A ideia de Lilith como primeira esposa de Adão: origem, interpretação e o que a Bíblia realmente diz
Ao longo do tempo, surgiu uma teoria bastante difundida em alguns círculos de estudo, afirmando que Adão teria tido uma primeira esposa chamada Lilith antes da criação de Eva. Essa ideia costuma ser baseada em uma leitura comparativa dos capítulos 1 e 2 de Gênesis, além de uma interpretação de Isaías 34:14. No entanto, é fundamental analisar cuidadosamente o que o texto bíblico realmente afirma e separar isso de tradições posteriores.
O relato bíblico em Gênesis 1
No primeiro capítulo de Gênesis, vemos um relato geral da criação. O texto afirma:
Gênesis 1:27 – “E criou Deus o homem à sua imagem; à imagem de Deus o criou; macho e fêmea os criou.”
Aqui, homem e mulher são mencionados juntos, o que leva alguns a interpretarem que ambos foram criados simultaneamente. É justamente nesse ponto que alguns tentam inserir a ideia de uma primeira mulher diferente de Eva.
O relato detalhado em Gênesis 2
No capítulo 2 de Gênesis, encontramos um relato mais específico e detalhado da criação do ser humano:
Gênesis 2:7 – “E formou o Senhor Deus o homem do pó da terra, e soprou em suas narinas o fôlego da vida; e o homem foi feito alma vivente.”
Após isso, Deus declara que o homem não deveria estar só:
Gênesis 2:18 – “E disse o Senhor Deus: Não é bom que o homem esteja só; far-lhe-ei uma ajudadora idônea para ele.”
Somente depois disso é que a mulher é criada:
Gênesis 2:21-22 – “Então o Senhor Deus fez cair um sono pesado sobre Adão, e este adormeceu; e tomou uma das suas costelas, e cerrou a carne em seu lugar; e da costela que o Senhor Deus tomou do homem, formou uma mulher, e trouxe-a a Adão.”

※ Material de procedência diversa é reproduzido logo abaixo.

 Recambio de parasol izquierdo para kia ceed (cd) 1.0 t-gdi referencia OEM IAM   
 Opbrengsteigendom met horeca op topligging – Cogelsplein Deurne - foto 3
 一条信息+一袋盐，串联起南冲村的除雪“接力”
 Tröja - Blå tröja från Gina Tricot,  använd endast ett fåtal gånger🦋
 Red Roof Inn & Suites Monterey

A interpretação mais aceita entre estudiosos bíblicos é que Gênesis 1 apresenta um panorama geral da criação, enquanto Gênesis 2 detalha especificamente a criação do homem e da mulher. Ou seja, não são dois eventos separados, mas duas perspectivas do mesmo acontecimento.

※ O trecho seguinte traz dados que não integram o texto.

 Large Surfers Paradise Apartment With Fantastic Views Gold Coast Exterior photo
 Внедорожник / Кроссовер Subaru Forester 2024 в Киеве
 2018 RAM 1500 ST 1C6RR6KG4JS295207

De onde surgiu a história de Lilith?
A figura de Lilith não aparece no relato de Gênesis. Sua origem está em tradições judaicas posteriores, especialmente em um texto chamado “Alfabeto de Ben Sira”, datado da Idade Média, além de algumas correntes místicas como a Cabala.
Nessas tradições, Lilith teria sido criada junto com Adão, mas teria se recusado a se submeter a ele, abandonando o Jardim do Éden. Posteriormente, ela passa a ser associada a espíritos malignos ou demônios.
No entanto, é importante destacar que esses textos não fazem parte do cânon bíblico e não são considerados inspirados. Portanto, não possuem autoridade doutrinária dentro da fé cristã.
O texto de Isaías 34:14 e a palavra “Lilith”
Outro argumento utilizado para sustentar a existência de Lilith na Bíblia está em Isaías:
Isaías 34:14 – “E as feras do deserto se encontrarão com os chacais, e o bode selvagem clamará ao seu companheiro; também ali a coruja pousará, e achará para si lugar de repouso.”
Em algumas traduções, a palavra hebraica “lilit” é mantida como “Lilith”. No entanto, o significado dessa palavra é incerto, podendo se referir a uma criatura noturna, como uma coruja ou um ser simbólico do deserto.
Além disso, o contexto de Isaías 34 é altamente poético e simbólico, descrevendo um cenário de desolação e juízo. Portanto, não se trata de uma narrativa histórica, mas de uma linguagem figurada.
Conclusão: o que pode ser afirmado com base na Bíblia
Ao analisar cuidadosamente as Escrituras, podemos concluir que:
• A Bíblia não afirma que Adão teve uma primeira esposa chamada Lilith;
• Gênesis 1 e 2 não são relatos contraditórios, mas complementares;
• A história de Lilith tem origem em tradições externas, não inspiradas;
• Isaías 34:14 não fornece base sólida para sustentar essa teoria.
Portanto, embora a história de Lilith seja interessante do ponto de vista cultural e histórico, ela não faz parte do ensino bíblico confiável. Para uma interpretação sólida das Escrituras, é essencial basear-se no contexto, na linguagem e na totalidade da revelação bíblica.